莱拉作为小说的叙述者,是主心骨,她是家庭关系的纽带,社会沟通的桥梁。作为家中的长女,她和母亲更似朋友,帮助妈妈照顾家中的妹妹,以及帮她完成缝纫的活计;作为利昂的养女,她体会继父内心的苦痛,承担了照顾继父的责任,她表现的像一个传统的中国女孩,尊敬父母,照顾全家。
在工作中,莱拉作为伊迪丝伊顿学校社区关系专员去处理老师和陷入困境的华裔学生父母之间的问题。在外工作时,她使用英文,她认为这是美国化。她将工作描述为“老师,孩子们,我做家庭访问……我的工作是让家长参与进来,打开一条沟通的路线。”她更像是一位译者,游走在双重文化背景,是美国社会中的一个中间人。莱拉一直有双重身份,是中美文化之间的桥梁。她出生在唐人街的一个移民家庭,她清楚地知道孩子应该孝顺父母;中国传统观念下女性传统形象对莱拉有着很深的影响,她将照顾家人作为自己的责任,努力成为这个家庭的主心骨。

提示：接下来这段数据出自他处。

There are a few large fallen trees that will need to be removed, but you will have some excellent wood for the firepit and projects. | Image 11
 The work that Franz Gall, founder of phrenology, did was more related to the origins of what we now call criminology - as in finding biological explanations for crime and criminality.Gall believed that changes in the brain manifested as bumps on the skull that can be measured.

在《骨》中,梁爷爷于1820 年踏上美国,成为第一批中国移民。他选择离开故土,在美国受苦,却无法拥有他所追求的财富和权利;这实际上是背弃了母国文化,他的人生经历也标志着早期去美国的中国移民美国梦的破裂。在华裔美国文学中“根”是个重要的主题,中国传统文化中认为人应当落叶归根;加州的淘金热使他背井离乡,抛弃家人,这与“父母在,不远游”这一儒家思想背道而驰。当他意识到加州并不是一个遍地是金子的完美地方,回归故土也成为泡影时,他决定“落地生根”。晚年的梁爷爷生活在一个加州的农场,“田野中间的木棚”就是他的居所。梁爷爷“金山梦”的破碎,“纸儿子”也未能将他的骨灰送回中国,标示着早期移民“根”的丢失;他们抛弃了传统的中国文化,努力融入美国社会,最终什么也没能得到,成为了“无根之人”。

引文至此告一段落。